In an unprecedented move the European Commission has told Italy to revise its budget, a move never seen before within the European Union (EU).
Italy is currently the eurozones third largest economy but has spiraling debts amounting to 131% of national ouput. Italy’s governing populist parties have vowed to push ahead with campaign promises including a minimum income for the unemployed. Other measures include tax cuts and scrapping extensions to the retirement age – fulfilling several key campaign promises from the election in March. Italy now has has three weeks to submit a new, draft budget to Brussels.
How could this impact the Euro?
Surprisingly this news didnt have a bigger impact on euro exchange rates. Initially the euro weakened to fall as low as 1.1350 (GBP/EUR) but the euro recovered in the afternoon session. A move that was a little surprising. Although the USD did make some significant advances with EUR/USD falling to a two months low of 1.1420 with the dollar benefiting from its safe haven tag
This move by the European Commission is bold. It is something we have not seen before and has set a precedent for other EU members. It has now shown that they will not simply continue to bail countries in a move to discourage other eurozone states from breaking rules.
In response Italy have set them selves on a collision course with the EU, Deputy Prime Minister Luigi Di Maio wrote on facebook “This is the first Italian budget that the EU doesn’t like.

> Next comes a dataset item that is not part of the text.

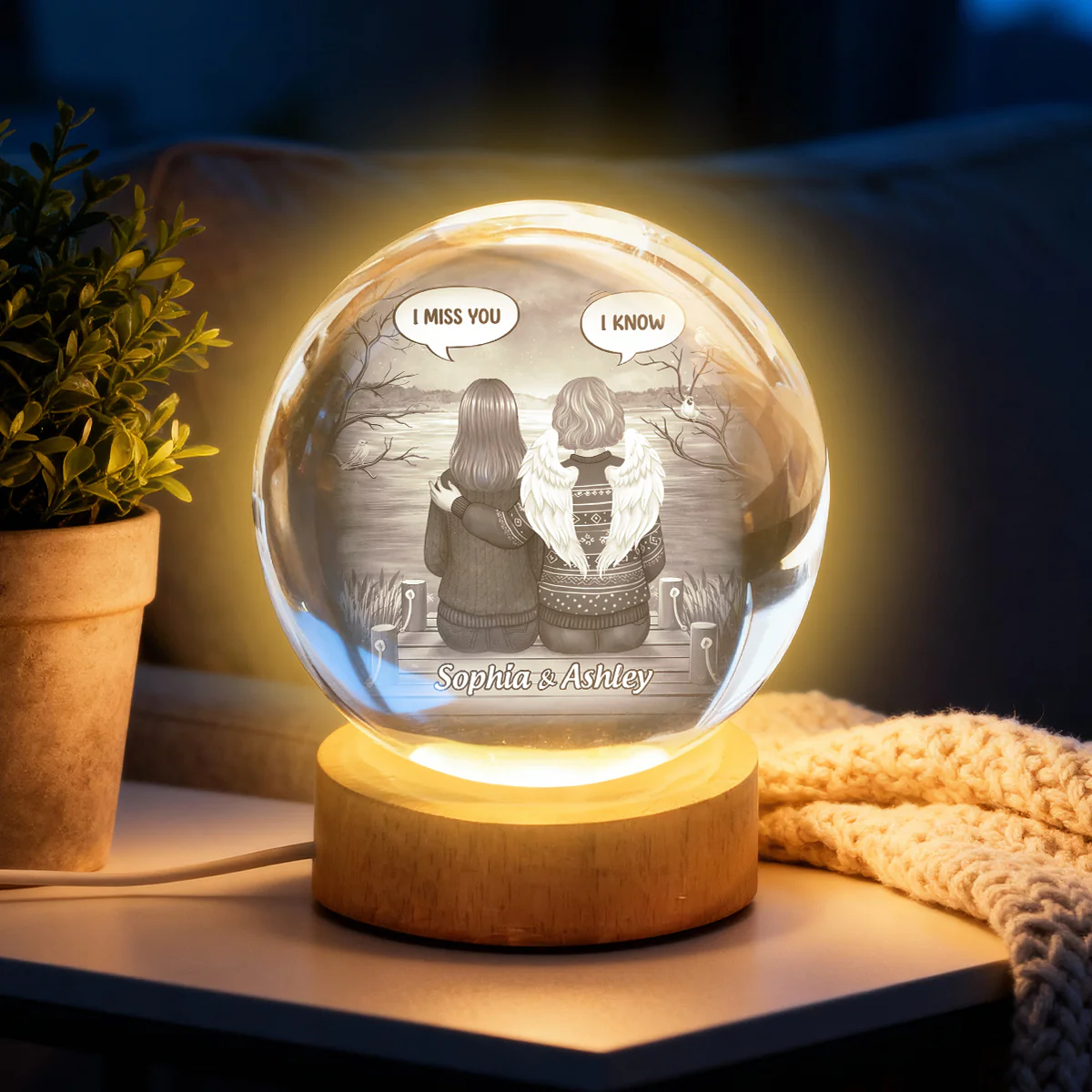 I Miss You Back View Memorial - Personalized Crystal Ball LED Night Light - Memorial Sympathy Gift - Image 2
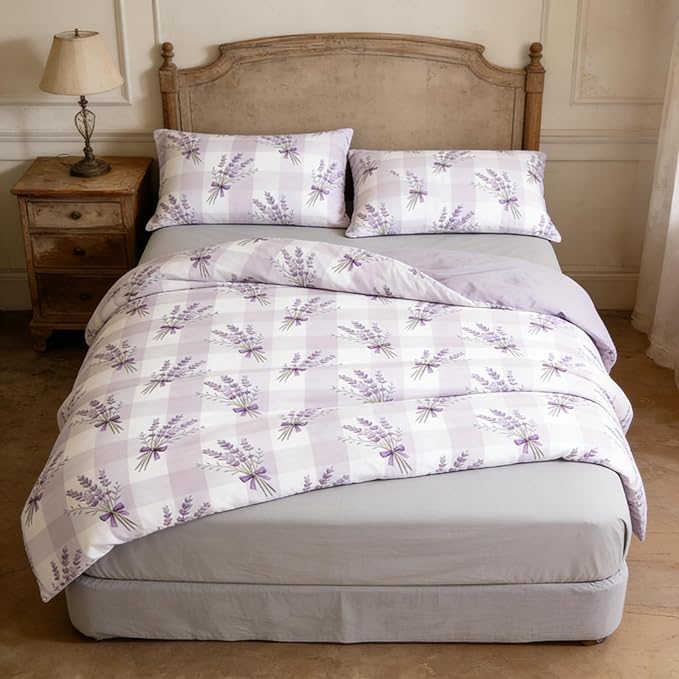 Lavender Comforter Set Full Size 5Pcs Purple Gingham Bedding Boho Plaid Checkered Quilted Comforter with 2 Pillow Cases + 1 Flat Sheet + 1 Fitted Sheet, 79"x90"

No surprise: This is the first Italian budget written in Rome and not in Brussels!”
His co-deputy PM Matteo Salvini added: “This doesn’t change anything.”
“They’re not attacking a government but a people. These are things that will anger Italians even more,” he said.
This unprecedented move could cause some significant implications for the eurozone and hence the euro. I wouldn’t expect any significant moves for GBP/EUR due to ongoing Brexit issues, however the US dollar is likely to be the main benefactor here.